Faculty News
May 2003
Edited by Paul
Caron,
Charles Hartsock Professor of Law and
Director of Faculty Projects
Marjorie Aaron
Marjorie's chapter, Evaluation in Mediation, in Mediating Legal
Disputes (Dwight Golann, ed. 1996), was cited in Michael Moffitt, Ten
Ways to Get Sued: A Guide For Mediators, 8 Harvard Negotiations L. Rev.
81 (2003).
Paul Caron
Paul published Federal Wealth Transfer Taxation: Study Problems and Federal
Wealth Transfer Taxation: Teacher's Manual (Foundation Press, 5th ed.
2003) (with Paul McDaniel (Boston College) & Jim Repetti (Boston College)).
He moderated Tax Stories: What Famous Old Tax Cases Can Tell Us About Today's
Tax Law, one of the three section-wide two-hour programs featured at the
Mid-Year Meeting of the ABA Tax Section in Washington, D.C. (http://www.abanet.org/tax/press/030410mtg.html).

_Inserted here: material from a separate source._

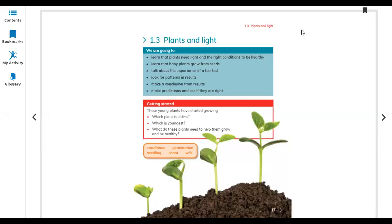Hello everyone, today we will start new lesson 1.3: Plants and Light. This is for Grade 3 Primary Science Cambridge. We are going to learn that plants need light and the right conditions to be healthy.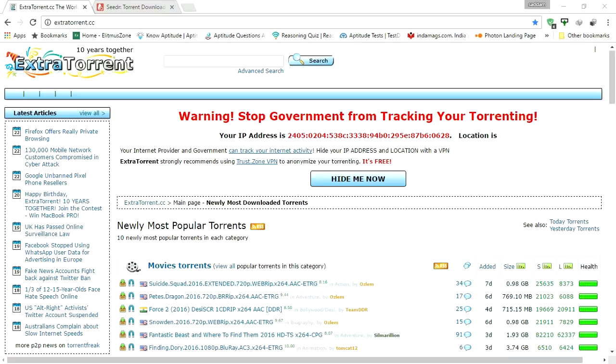Hey what's up guys, today in this tutorial we're showing how to download torrent files faster, as well as how to download a torrent file without using any torrent client like BitTorrent or uTorrent. So let's get started.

He presented Tax Archaeology, and his co-panelists were Joseph Bankman
(Stanford), Patricia A. Cain (Iowa), Joseph M. Dodge (Florida State), Joel
S. Newman (Wake Forest), and Deborah H. Schenk (NYU). The program was attended
by over 100 tax lawyers, tax professors, and members of the media, each of
whom received a complimentary copy of Paul's book, Tax Stories: An In-Depth
Look at Ten Leading Federal Income Tax Cases (Foundation Press, 2003).

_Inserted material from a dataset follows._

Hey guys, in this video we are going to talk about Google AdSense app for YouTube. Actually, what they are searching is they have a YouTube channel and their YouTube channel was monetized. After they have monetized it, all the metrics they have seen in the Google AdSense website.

Paul published several issues of his Tax Law Abstracts e-journals www.ssrn.com:
four issues each of Tax Law & Policy (vol. 4, nos. 17-20)

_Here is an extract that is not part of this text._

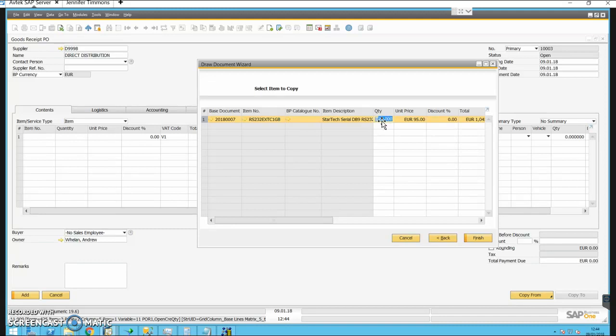There are 11 orders and only nine came in. The delivery note originally said 14 but it's been manually overwritten with nine. The PO says 11. The delivery note originally said 14 but it's been manually crossed off and replaced with nine. So we know we physically got nine.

and Practitioner Series (vol. 3, nos. 17-20) (both co-edited
with Joseph Bankman (Stanford)), and one issue of International & Comparative
Tax (vol. 3, no. 5) (co-edited with Robert A. Green (Cornell).
His Tax Stories book was cited in Anthony J. Luppino, Stopping
the Enron End-Runs and Other Trick Plays: The Book-Tax Accounting Conformity
Defense, 2003 Columbia Business L. Rev. 35 (2003); and in Bruce
M. McGovern, Liabilities of the Firm, Member Guarantees, and the
At Risk Rules: Some Practical and Policy Considerations, 7 J.
of Small & Emerging Business Law 63 (2003).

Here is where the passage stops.